Every line below between the line holding "Negwoo Chunky Knit" and the line holding "Ασθενοφόρο, περιπολικό και", inclusive, should be repeated exactly, and all other lines omitted.

====== THE RECORDS

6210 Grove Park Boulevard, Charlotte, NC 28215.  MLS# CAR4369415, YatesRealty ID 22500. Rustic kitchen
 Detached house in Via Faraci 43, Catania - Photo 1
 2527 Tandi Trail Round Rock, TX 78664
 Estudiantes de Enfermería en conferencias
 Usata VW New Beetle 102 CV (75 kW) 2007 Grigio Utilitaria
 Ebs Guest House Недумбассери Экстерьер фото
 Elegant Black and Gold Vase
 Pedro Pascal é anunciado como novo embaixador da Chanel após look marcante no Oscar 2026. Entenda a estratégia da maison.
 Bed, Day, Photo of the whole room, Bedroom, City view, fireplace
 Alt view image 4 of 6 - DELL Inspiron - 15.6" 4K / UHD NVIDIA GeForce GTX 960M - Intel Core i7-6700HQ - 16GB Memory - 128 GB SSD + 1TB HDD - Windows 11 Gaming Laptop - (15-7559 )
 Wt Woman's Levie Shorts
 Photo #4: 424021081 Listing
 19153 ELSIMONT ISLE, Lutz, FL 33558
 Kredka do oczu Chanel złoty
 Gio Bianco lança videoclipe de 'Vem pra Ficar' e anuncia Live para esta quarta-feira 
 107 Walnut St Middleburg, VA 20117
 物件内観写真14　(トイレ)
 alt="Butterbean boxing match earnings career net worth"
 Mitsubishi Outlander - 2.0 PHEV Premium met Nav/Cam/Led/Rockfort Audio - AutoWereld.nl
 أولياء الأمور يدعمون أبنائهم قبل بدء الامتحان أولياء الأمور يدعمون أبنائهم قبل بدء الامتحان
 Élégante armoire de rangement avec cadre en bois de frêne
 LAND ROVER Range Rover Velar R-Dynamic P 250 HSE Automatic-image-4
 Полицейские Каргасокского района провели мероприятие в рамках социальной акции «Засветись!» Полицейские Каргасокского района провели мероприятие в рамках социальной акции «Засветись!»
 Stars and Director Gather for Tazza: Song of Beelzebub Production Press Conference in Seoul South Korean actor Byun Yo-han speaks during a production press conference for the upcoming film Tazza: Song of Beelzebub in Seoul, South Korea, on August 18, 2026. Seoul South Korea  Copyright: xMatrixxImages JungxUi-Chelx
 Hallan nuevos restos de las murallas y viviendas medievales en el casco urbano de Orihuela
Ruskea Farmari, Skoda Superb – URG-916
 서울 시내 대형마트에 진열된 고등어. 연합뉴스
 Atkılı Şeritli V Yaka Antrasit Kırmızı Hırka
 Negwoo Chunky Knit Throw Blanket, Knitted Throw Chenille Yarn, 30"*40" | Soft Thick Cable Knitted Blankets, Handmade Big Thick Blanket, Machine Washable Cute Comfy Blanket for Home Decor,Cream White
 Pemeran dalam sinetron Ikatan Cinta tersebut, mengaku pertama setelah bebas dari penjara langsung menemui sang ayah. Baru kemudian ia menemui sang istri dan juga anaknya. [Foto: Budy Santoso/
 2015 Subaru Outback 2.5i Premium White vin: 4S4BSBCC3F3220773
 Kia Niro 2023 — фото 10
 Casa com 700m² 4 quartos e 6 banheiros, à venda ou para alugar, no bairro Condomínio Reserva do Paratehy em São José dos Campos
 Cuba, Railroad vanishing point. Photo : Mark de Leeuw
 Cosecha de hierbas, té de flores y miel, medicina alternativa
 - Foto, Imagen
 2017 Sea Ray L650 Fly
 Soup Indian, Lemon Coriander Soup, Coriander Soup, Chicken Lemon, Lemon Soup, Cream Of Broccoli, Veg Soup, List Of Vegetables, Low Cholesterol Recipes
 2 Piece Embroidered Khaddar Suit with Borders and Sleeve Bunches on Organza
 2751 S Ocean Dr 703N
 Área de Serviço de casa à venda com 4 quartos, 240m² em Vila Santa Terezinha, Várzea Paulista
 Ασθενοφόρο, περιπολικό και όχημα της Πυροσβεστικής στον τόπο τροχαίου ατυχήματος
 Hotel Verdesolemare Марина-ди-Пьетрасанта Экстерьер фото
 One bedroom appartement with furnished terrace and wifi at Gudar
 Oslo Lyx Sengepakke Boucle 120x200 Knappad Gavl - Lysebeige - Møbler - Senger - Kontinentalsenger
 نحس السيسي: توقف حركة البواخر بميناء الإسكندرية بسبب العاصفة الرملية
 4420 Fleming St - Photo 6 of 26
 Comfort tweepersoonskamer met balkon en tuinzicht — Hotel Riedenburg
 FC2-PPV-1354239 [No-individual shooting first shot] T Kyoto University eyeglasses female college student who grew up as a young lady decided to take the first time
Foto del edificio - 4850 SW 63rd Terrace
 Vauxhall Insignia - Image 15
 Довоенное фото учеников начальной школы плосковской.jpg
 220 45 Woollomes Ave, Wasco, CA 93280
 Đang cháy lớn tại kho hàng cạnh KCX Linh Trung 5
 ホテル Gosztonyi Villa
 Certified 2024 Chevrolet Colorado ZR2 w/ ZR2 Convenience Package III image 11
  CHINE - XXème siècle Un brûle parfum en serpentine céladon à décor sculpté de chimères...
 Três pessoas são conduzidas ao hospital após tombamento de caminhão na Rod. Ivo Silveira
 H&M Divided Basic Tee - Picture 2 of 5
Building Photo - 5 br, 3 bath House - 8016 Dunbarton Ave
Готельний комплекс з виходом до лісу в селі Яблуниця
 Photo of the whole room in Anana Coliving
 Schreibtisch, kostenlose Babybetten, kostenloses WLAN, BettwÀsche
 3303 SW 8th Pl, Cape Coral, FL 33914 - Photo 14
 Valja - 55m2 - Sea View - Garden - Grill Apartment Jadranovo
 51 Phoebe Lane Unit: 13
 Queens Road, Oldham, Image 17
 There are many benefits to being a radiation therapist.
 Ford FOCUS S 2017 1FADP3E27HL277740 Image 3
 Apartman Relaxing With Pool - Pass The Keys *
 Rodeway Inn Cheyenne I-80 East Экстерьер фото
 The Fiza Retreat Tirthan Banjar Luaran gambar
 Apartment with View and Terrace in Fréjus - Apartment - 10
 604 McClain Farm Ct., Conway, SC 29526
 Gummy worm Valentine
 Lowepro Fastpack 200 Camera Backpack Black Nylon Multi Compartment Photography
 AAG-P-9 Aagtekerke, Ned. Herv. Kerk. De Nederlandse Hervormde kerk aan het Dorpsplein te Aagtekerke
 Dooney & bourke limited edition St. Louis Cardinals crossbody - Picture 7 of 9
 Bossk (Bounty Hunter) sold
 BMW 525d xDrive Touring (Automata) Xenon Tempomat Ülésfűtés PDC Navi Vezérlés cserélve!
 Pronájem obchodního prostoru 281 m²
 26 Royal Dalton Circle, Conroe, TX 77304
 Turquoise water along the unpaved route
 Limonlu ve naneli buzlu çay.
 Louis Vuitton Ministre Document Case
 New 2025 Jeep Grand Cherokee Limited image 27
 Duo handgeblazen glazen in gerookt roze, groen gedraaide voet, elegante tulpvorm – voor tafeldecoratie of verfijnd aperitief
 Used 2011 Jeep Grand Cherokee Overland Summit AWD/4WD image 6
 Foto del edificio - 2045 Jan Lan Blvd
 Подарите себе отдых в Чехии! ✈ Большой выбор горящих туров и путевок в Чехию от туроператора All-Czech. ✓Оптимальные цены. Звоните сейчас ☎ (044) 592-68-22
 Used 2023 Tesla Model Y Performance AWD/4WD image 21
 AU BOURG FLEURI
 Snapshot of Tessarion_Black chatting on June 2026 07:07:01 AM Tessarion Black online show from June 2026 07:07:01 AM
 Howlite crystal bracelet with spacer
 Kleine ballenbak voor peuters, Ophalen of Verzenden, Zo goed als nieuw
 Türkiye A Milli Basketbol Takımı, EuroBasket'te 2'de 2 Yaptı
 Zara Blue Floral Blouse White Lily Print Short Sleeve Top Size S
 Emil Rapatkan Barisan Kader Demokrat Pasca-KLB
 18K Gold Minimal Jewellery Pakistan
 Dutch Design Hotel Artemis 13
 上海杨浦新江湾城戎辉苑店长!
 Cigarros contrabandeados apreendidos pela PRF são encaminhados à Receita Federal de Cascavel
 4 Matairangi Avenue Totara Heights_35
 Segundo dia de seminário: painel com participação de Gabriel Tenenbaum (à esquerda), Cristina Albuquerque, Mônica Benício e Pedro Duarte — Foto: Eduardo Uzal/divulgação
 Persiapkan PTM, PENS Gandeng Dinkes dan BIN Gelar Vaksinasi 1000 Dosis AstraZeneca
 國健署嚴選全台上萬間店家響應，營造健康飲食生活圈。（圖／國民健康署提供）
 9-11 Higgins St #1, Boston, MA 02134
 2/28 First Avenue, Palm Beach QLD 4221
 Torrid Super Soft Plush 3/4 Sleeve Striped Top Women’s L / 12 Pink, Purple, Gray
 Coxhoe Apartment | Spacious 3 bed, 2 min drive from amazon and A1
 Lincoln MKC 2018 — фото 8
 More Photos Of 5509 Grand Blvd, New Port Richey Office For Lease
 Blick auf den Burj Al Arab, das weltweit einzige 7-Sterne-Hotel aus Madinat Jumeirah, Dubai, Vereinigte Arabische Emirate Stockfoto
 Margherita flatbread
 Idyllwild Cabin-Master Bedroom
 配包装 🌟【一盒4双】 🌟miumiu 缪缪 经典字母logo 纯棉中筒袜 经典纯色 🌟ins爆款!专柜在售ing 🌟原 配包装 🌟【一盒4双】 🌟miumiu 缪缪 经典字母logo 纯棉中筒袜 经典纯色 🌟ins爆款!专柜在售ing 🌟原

============

OUTPUT OF THE EXERCISE =>
 Negwoo Chunky Knit Throw Blanket, Knitted Throw Chenille Yarn, 30"*40" | Soft Thick Cable Knitted Blankets, Handmade Big Thick Blanket, Machine Washable Cute Comfy Blanket for Home Decor,Cream White
 Pemeran dalam sinetron Ikatan Cinta tersebut, mengaku pertama setelah bebas dari penjara langsung menemui sang ayah. Baru kemudian ia menemui sang istri dan juga anaknya. [Foto: Budy Santoso/
 2015 Subaru Outback 2.5i Premium White vin: 4S4BSBCC3F3220773
 Kia Niro 2023 — фото 10
 Casa com 700m² 4 quartos e 6 banheiros, à venda ou para alugar, no bairro Condomínio Reserva do Paratehy em São José dos Campos
 Cuba, Railroad vanishing point. Photo : Mark de Leeuw
 Cosecha de hierbas, té de flores y miel, medicina alternativa
 - Foto, Imagen
 2017 Sea Ray L650 Fly
 Soup Indian, Lemon Coriander Soup, Coriander Soup, Chicken Lemon, Lemon Soup, Cream Of Broccoli, Veg Soup, List Of Vegetables, Low Cholesterol Recipes
 2 Piece Embroidered Khaddar Suit with Borders and Sleeve Bunches on Organza
 2751 S Ocean Dr 703N
 Área de Serviço de casa à venda com 4 quartos, 240m² em Vila Santa Terezinha, Várzea Paulista
 Ασθενοφόρο, περιπολικό και όχημα της Πυροσβεστικής στον τόπο τροχαίου ατυχήματος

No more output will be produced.